Until more Palestinian moderates come forth, and more Arab lay-people speak out against racism and hatred (particularly antisemitism directed at both Jews and Arabs), as well as take a stand against the use of terror (such as the recent shooting of a Jewish woman and her four daughters, and then the subsequent firing-upon of their funeral, which would seem to reap no political benefit whatsoever), democracy or not, Jews, frankly, have no reason to trust that they will be safe and free in a binational state.

And, well, history is on their side in this case.

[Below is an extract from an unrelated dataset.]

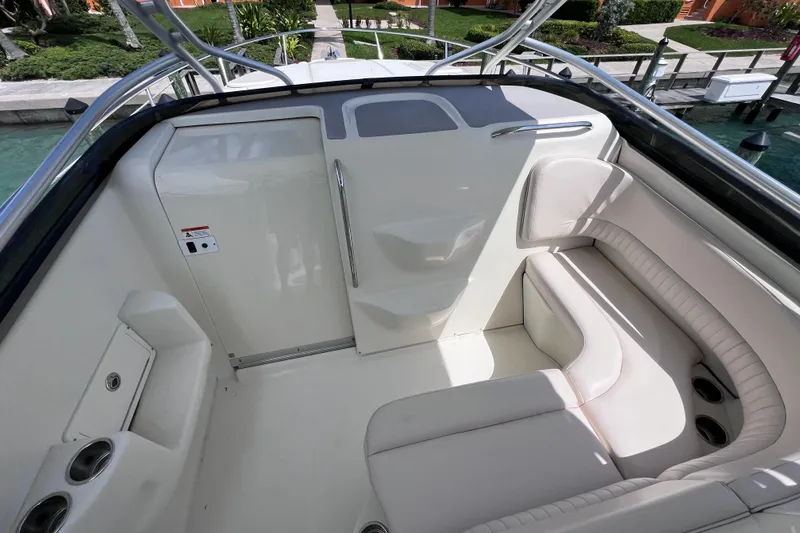 Slide: The Image of 2005 Hydra-Sports Vector 3300 VX boat interior with white seating and cup holders. - 59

17 thoughts on “The Perils Of A Binational State

  1. Well said. When a ‘cold peace’ seems so far away, what hope is there for a ‘warm’ one – necessary for any binational solution. Linda Grant said it very well in a recent Guardian story ( http://tinylink.com/?GRJxUOe5rR ):
    To Gershon Baskin, co-director of the Israel-Palestine centre for research and information, the one-state solution is not utopia, but a recipe for genocide, “a plan that will, in my view,” he writes, “lead to decades of cross-communal conflict and bloodshed that will turn Israel and Palestine into Sarajevo. (In Israel/Palestine we have had some 3,200 deaths in three years, in Sarajevo the conflict cost some 250,000 casualties before people came to their senses.)” Already, there is “a new generation of Palestinian and Israeli young people living in fear and breeding hatred. The collective memories and stories of this new generation are being filled with anger and deep desire to see the other side suffer.”

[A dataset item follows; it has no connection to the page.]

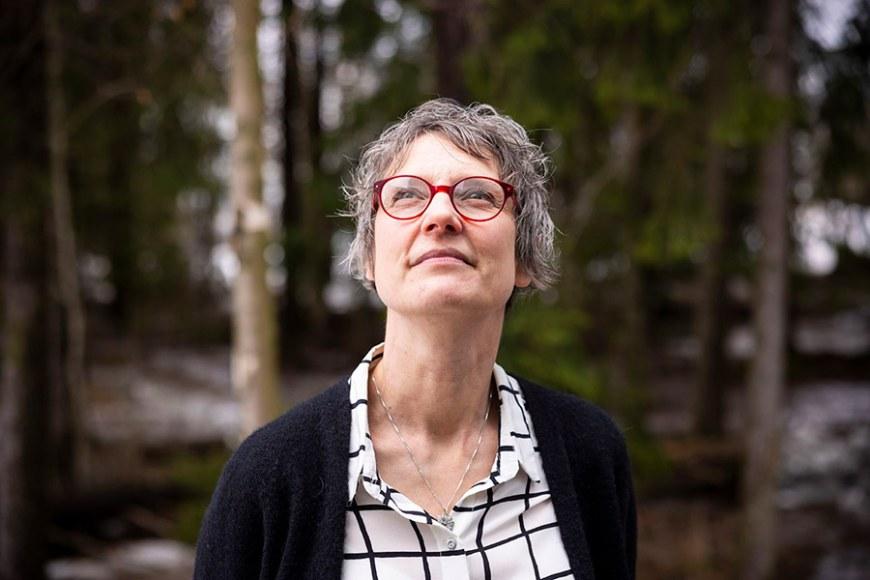 Katri Lindfors seisoo metsämaisemassa ja katsoo yläviistoon.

  2. You know, I pretty much agree with you, Mobius, except that the two-state solution (and let’s assume here that all the settlements were ripped up or that one of the obvious land trades was made) would be so integrated economically and politically that they would barely constitute two states at all. Still though, it might take twenty years of that before they could merge into a single state. Then, after THAT, we have the anarchist revolution 😉

  3. “…antisemitism directed at both Jews and Arabs…”
    I’m not quibbling with anything else in this post, but could we please stop pretending ‘anti-Semitism’ was not a word coined specifically to refer to Jew-hatred and has very little, if anything, to do with other Semitic-speaking peoples.

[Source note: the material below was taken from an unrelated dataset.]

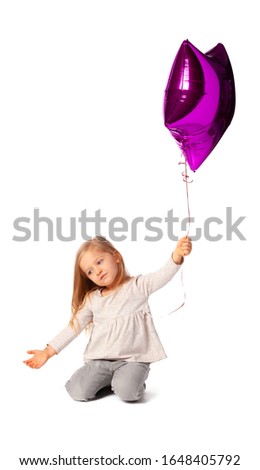 Cute little blonde girl with purple star shaped baloon isolated on white background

  4. Its cute to see, how when discussing israel, suddenly muslims and arabs become such huge fans of democracy. Their goals are so transparent its disgusting. They will even support, the much hated, democracy, in order to ensure there is no more jewish state.

  5. Gotta agree with Brad Pilcher. We need to confront the fallacy that Wilhelm Marr had any thoughts about Arabs when he founded the Antisemitic League, and added that word to the political vocabulary.
    Otherwise, the lyrics are strong and you can dance to the tune. I give it a 9.

  6. Daniel, you finally wrote something that made sense. G-d bless you. oy am I shlepping naches. Beautiful. G-d has answered my prayers. HAhah all u leftists I’m gonna get him back yet.

  7. welp, it didn’t get printed in arab news as far as i know, however, batarfi did include my letter in a mass-mailing he did of his column.

  8. one good example of the question of Jews living as minority, once again, in the ME, is how today’s Kurdish [among others] are treated.
    Another point I almost never see mentioned, is the right, just like the Palestinians, for the Jewish Mizrahim and other Jews totally indigenous to the ME who have been displaced by force from a dozen Islamic nations just as Palestinians were displaced. This is why I cannot understand anyone sympathetic to Palestinians who would deny an Israeli nation, and anyone sympathetic to Israelis who would deny a Palestinian nation. The argument – the foundation – of both ideas rest on the same hinges.
    [Of course, having a right to something and attaining it without negotiations, without peace, is not an option]

  9. Youre right, mobi. I forgot that many arabs dont put on the whole diplomatic show, and just call for israels destruction, outright. My brush was indeed too wide.